Working with partition indexes in AWS Glue
Credits
This post is adapted from AWS Glue Immersions Day Workshop. For a complete list of all the hands-on labs covered during the workshop, visit the official workshop page. In addition, I have shared here helpful links related to the topic.
- AWS Glue Immersions Day Workshop
- AWS blog post on the same topic. Improve query performance using AWS Glue partition indexes
- Another AWS post focused on Athena query performance. Improve Amazon Athena query performance using AWS Glue Data Catalog partition indexes
- Athena documentation page on creating partitions and indexes on tables. Partitioning data in Athena
- Glue documentation page on partition indexes. Working with partition indexes in AWS Glue
In this post, I have explained how to create partitions and indexes on data lake tables. Then we will test the effect of partition indexes on query performance from the Glue ETL job using Apache Spark SQL.
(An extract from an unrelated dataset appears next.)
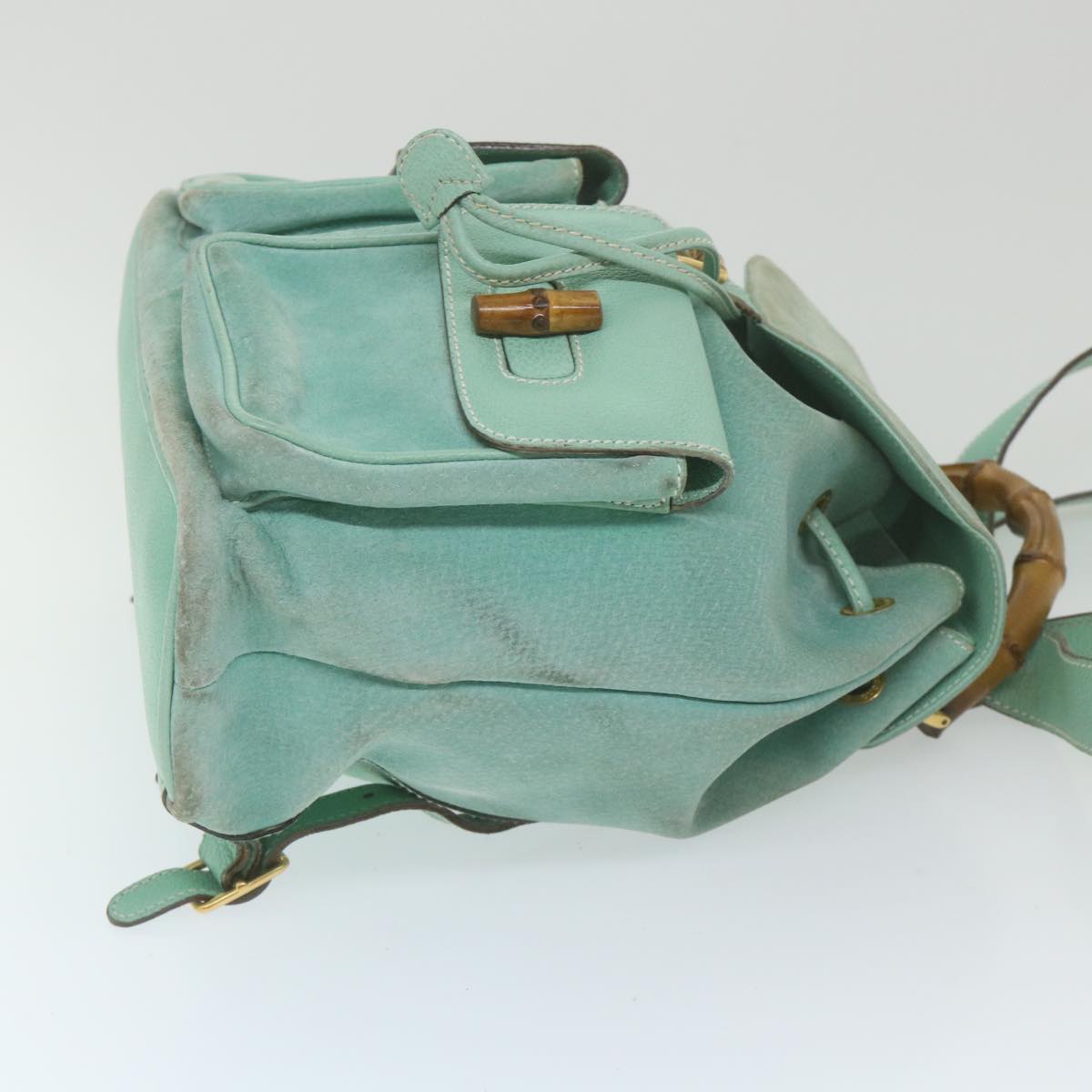 GUCCI Bamboo Backpack Suede Blue 003 1998 0016 yk9453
Below is a summary of the steps followed in this post.
- Create AWS access keys for an IAM user. We will use these keys to access AWS resources from the AWS Cloud9 environment
- Create AWS Cloud9 environment. We will use this environment to perform all the steps mentioned in this post
- Create an S3 bucket and clone some sample data
- Define required policies and roles for Glue crawlers
- Define the Glue database and crawlers, and then prepare the data catalog by running crawlers on an S3 bucket
- Create partition indexes on tables. This step is where we apply partition indexes to the data catalog tables. All the steps before this are pre-requisites to creating a proper environment where we can test the working and performance of partition indexes
- Compare query performance on tables with partition indexes and without it
Step 1: Create AWS access keys for an IAM user
The first step is to create an AWS access key, and we will use it in the Cloud9 environment (created in the next step) to access other AWS resources. If you already have a working key, you may use it; otherwise, you can create it by following the step provided in the AWS docs Managing access keys (console)
Step 2: Create AWS Cloud9 environment and configure AWS CLI credentials
In this step, we will create AWS Cloud9 environment. Cloud9 is a cloud-based integrated development environment (IDE) that lets you write, run, and debug your code with just a browser.
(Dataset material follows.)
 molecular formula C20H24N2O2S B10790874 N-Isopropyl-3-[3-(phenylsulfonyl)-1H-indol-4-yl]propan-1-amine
- Go to cloud9 console https://console.aws.amazon.com/cloud9/, select your region, and click
create environment
- From the Create Environment settings page
- Give a name to the environment e.g.
glue-cloud9
- Keep the rest of the setting as default and click
create
- By default, it uses a
t2-micro
EC2 instance for the environment, which is free tier eligible and has enough processing power to complete all the steps in this post - You may take help from the AWS docs for detailed instructions on creating this environment. Create an EC2 environment with the console
- Give a name to the environment e.g.
- Open the Cloud9 IDE once it is ready
Once the IDE loads, follow these steps from inside Cloud9 IDE.
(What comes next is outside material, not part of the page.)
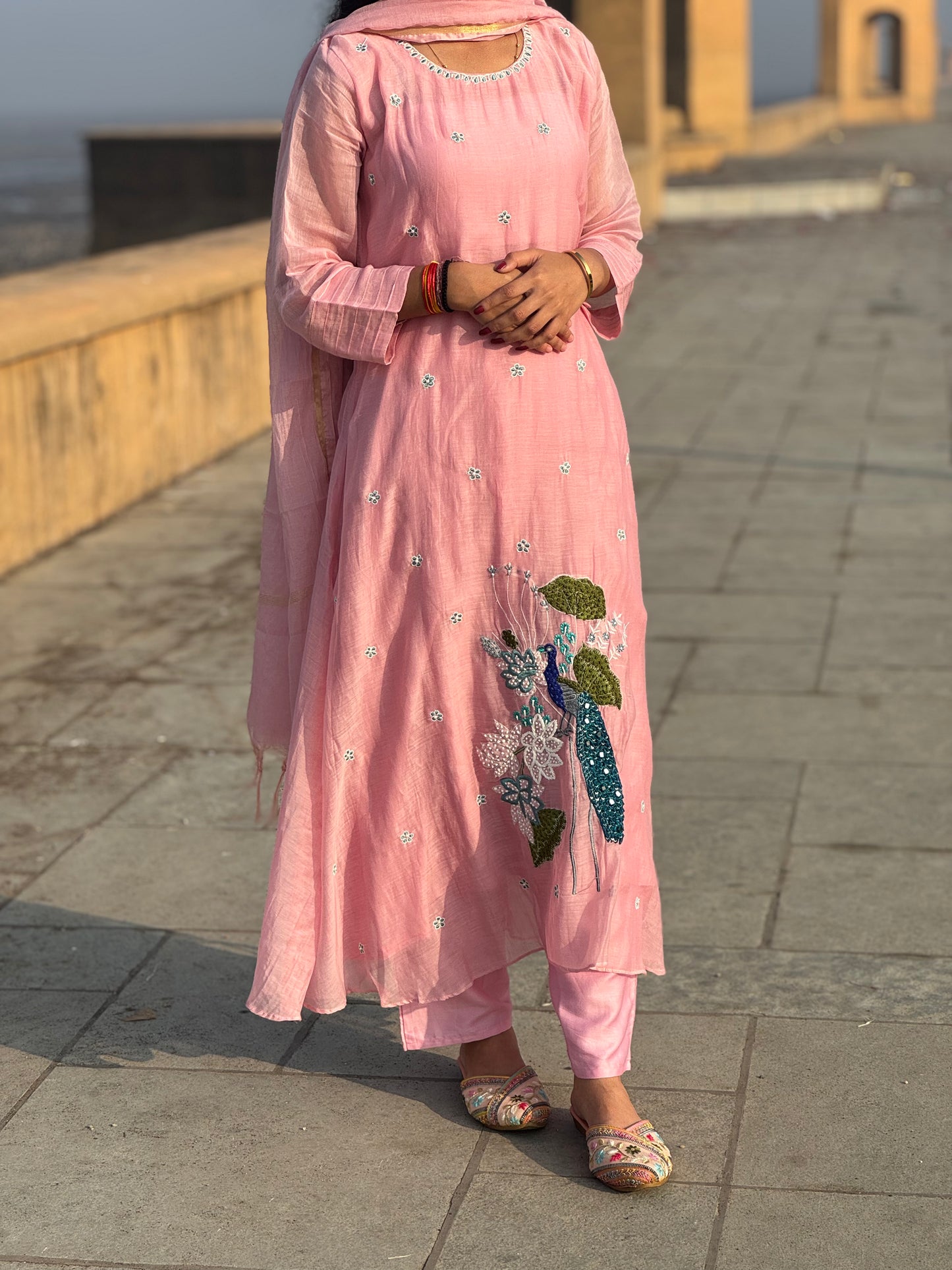Latest Peacock  Work Premium Mulchanderi Anarkali Party Wear Suit.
- Disable the AWS managed temporary credentials
- By default, the EC2 machine provisioned for the cloud9 environment has a role assigned that can be used to get temporary credentials to access other AWS resources. But this access is limited and can only be used to perform some of the tasks in this post. Therefore, we will disable these temporary credentials and use IAM access keys (created in the previous step) to access other AWS resources
- Clicking the
Preferences
cog button on the top right corner - Disable Preferences > AWS Settings >
AWS managed temporary credentials
- Clicking the
- By default, the EC2 machine provisioned for the cloud9 environment has a role assigned that can be used to get temporary credentials to access other AWS resources. But this access is limited and can only be used to perform some of the tasks in this post. Therefore, we will disable these temporary credentials and use IAM access keys (created in the previous step) to access other AWS resources
- Use the bash terminal to configure the AWS CLI using the command
aws configure
. For more detailed instructions on configuring AWS CLI, use the AWS docs AWS CLI Configuration basics
Step 3: Create S3 bucket and clone sample data
In this step, we will create an AWS S3 bucket and then populate some data. Later we will create a table on it and use it in a query. We will first create a unique name for a bucket using aws account-id and region. For this, paste the following commands in the bash terminal.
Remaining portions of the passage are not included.